## Problem
In the data below, set down exactly the lines from the one containing "Accident Reconstruction" up to and including the one containing "aew_20250122_fox_v_strickland2". Leave the pictures out.

## Records supplied
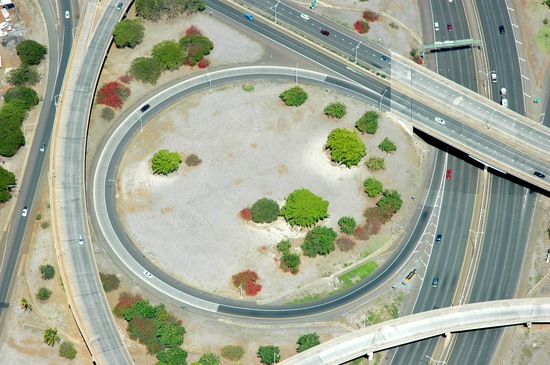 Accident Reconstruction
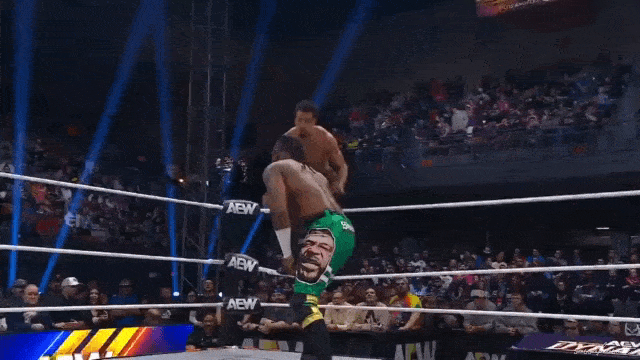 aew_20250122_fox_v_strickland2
--
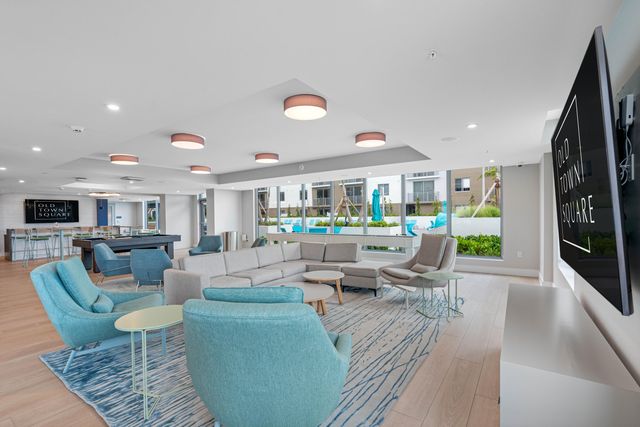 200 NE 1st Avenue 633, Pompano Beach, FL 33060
...
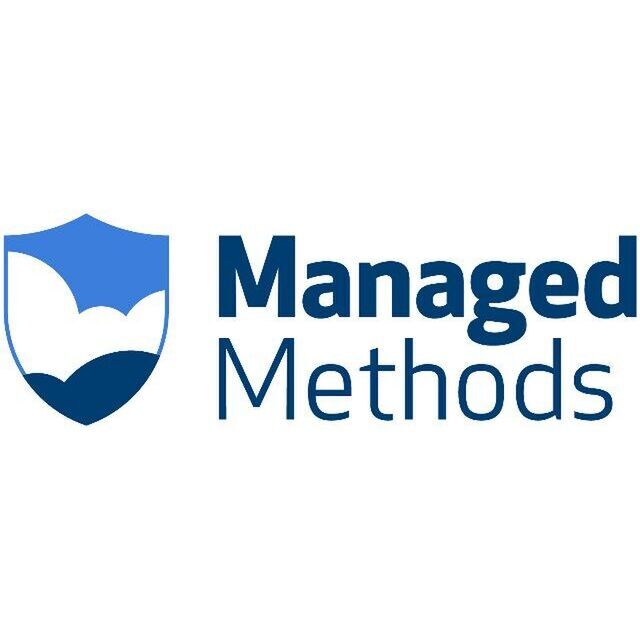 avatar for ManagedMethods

## Response
 Accident Reconstruction
 aew_20250122_fox_v_strickland2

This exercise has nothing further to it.